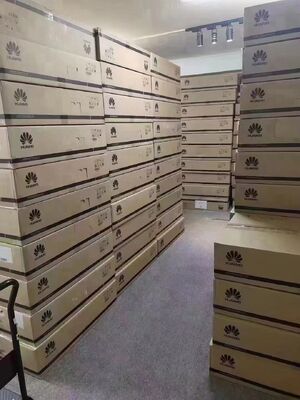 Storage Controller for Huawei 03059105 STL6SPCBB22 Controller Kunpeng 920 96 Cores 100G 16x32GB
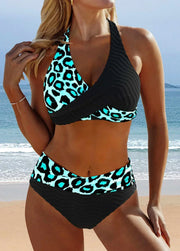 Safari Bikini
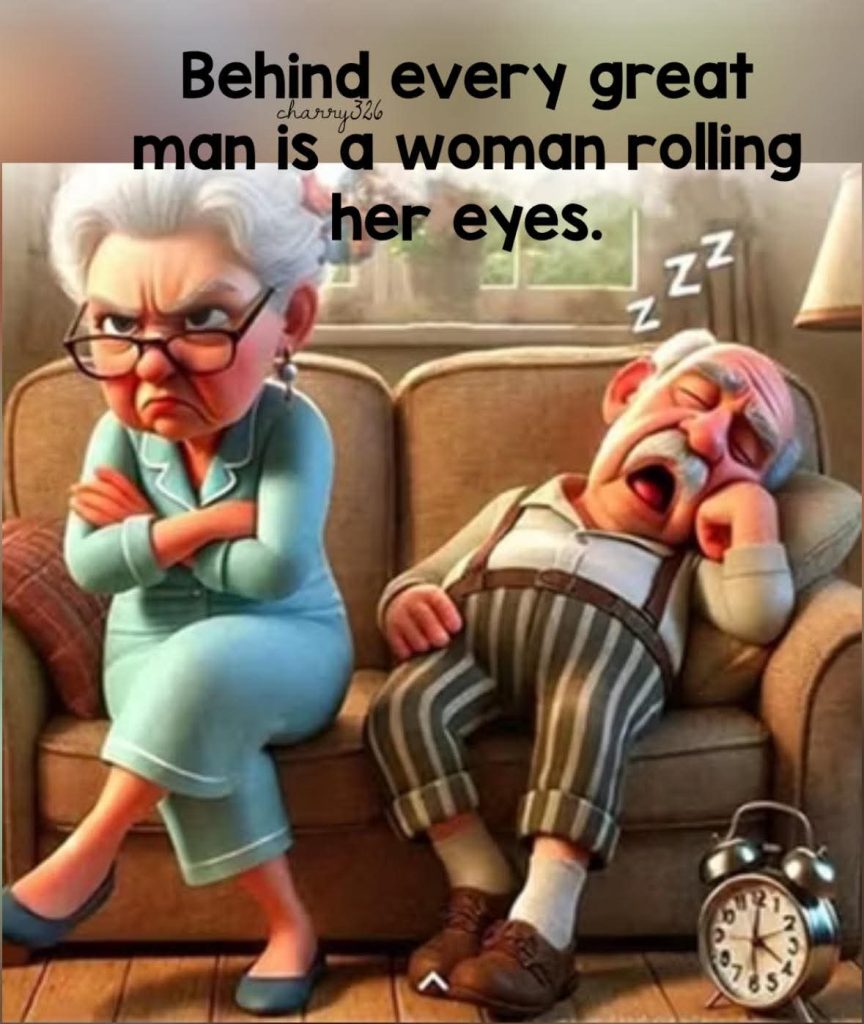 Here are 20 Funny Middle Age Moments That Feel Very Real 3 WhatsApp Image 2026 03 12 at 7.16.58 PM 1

*****

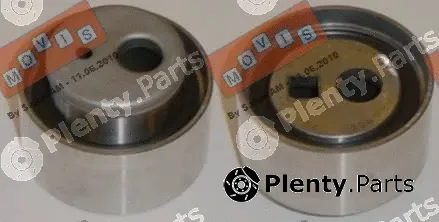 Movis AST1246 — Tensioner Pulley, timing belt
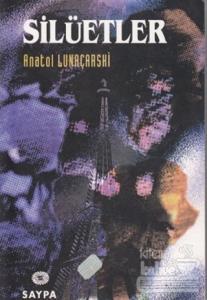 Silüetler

*****

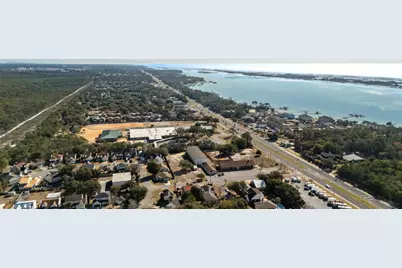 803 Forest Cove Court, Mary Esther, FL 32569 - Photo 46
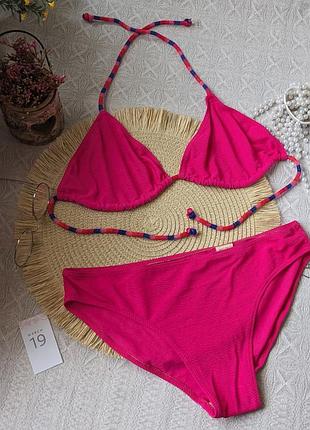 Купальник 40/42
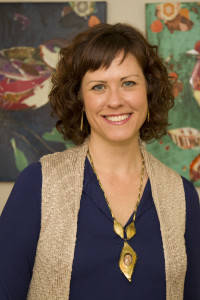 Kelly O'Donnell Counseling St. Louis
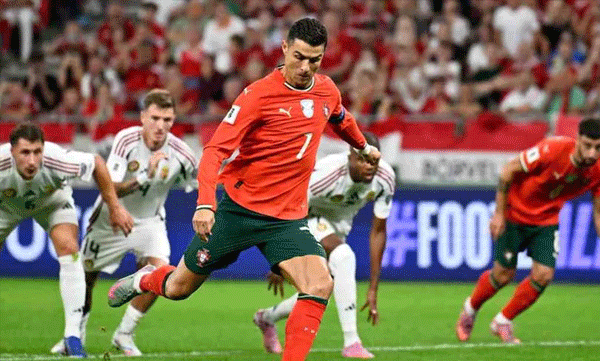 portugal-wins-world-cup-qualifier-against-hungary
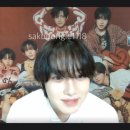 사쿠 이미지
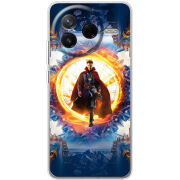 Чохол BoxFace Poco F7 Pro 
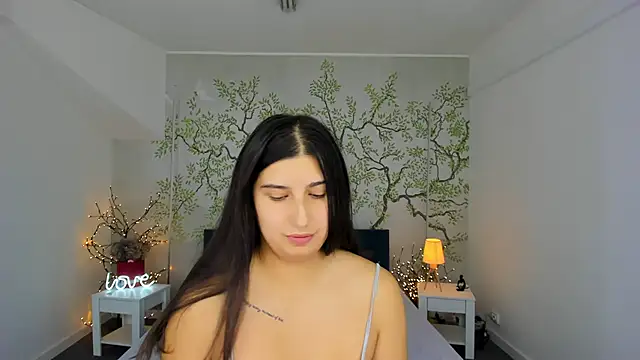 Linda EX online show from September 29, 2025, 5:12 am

*****

## Task objective
Return the material from the line containing "803 Forest Cove" through the line containing "Linda EX online", exactly and in full, but without its pictures.

## Task solution
 803 Forest Cove Court, Mary Esther, FL 32569 - Photo 46
 Купальник 40/42
 Kelly O'Donnell Counseling St. Louis
 portugal-wins-world-cup-qualifier-against-hungary
 사쿠 이미지
 Чохол BoxFace Poco F7 Pro 
 Linda EX online show from September 29, 2025, 5:12 am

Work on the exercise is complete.